Given that you sit on the board of the Belgian and Luxembourgish medicine verification organizations respectively, to what extent do you feel that the parallel import industry acts as an effective filter of falsified medicines or medicines with production errors in circulation within the EU? How much the industry is given the credit it deserves for this crucial role?
We are part of the industry in this common fight, and even bring an additional security check to the supply chain. We, and the industry, consider falsification as a common enemy. Therefore, you will not be surprised to learn that we were very active in the foundation and in the financing of those verification organizations in Belgium, Luxembourg and in Europe.
Thanks to those efforts, very few falsified products succeed in entering the official and hospital pharmaceutical circuit in Europe. This situation in America, Asia and Africa is totally different and much more dangerous for the patients.
How did you come to work in the parallel distribution industry and what keeps you motivated?
18 years ago (2002), I founded Impexeco, today the oldest parallel importation company still active in Belgium. This creation occurred after 20 years of experience in the pharma “corporate life” where I enjoyed successively the functions of product manager, market research manager, line manager, business unit, general manager and CEO. I also experienced mergers… the latest one led me to take the decision to create my own company. I made it in parallel trade as it was for me the only way to own my product registrations. In 2013, we decided to sell the company. After this, I was asked to chair BAPIE to defend the interest of the parallel business. In 2019, the (parallel) exporters joined the association and we have now as members all companies which count in parallel distribution, exportation and importation. We form the national association for Belgium of Affordable Medicines Europe.
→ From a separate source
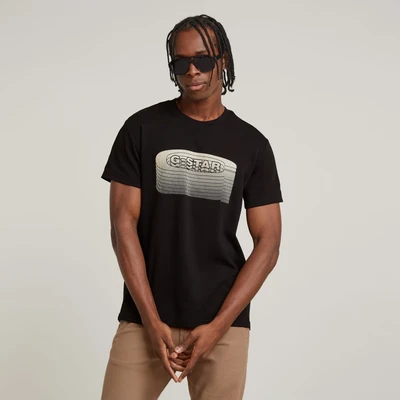 Abbildung von G STAR Stacked OLD Skool LOGO Tshirt print, Herren, Größe: Large, Dk black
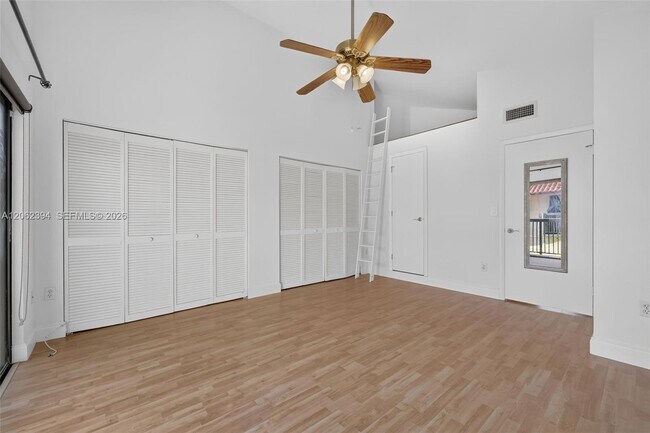 Building Photo - 10206 SW 77th Ct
Now, what motivates me to do this job? I would name three main motivations: 1) The pleasure of defending small/medium entrepreneurs (like I was) in the pharmaceutical sector; “With BAPIE, I am not alone anymore” is a quote that I hear often. The psychological, political and legal support given by BAPIE is of great importance for the life and survival of most members. 2) The ideal of free circulation, of open competition in Europe. In the health sector, this ideal must be defended constantly against monopolistic deviations such as secret agreements, the fragmentation of markets (limited quotas of products per country) which ends up in higher prices and shortages for the customers and the social security. 3) The satisfaction of enhancing the ethical standards of our members: by regular and compulsory audits, we upgrade the behaviour of the members far above the legal requirements of Good Distribution Practices. A strong accent is put on the safety and verification of their supply chain. By doing so, we try to eliminate the risk of entry of falsified medications in the supply chain. By adding several safety layers (in standard operating procedure forms), we provide extra insurance for our members and a title of proudness for our association.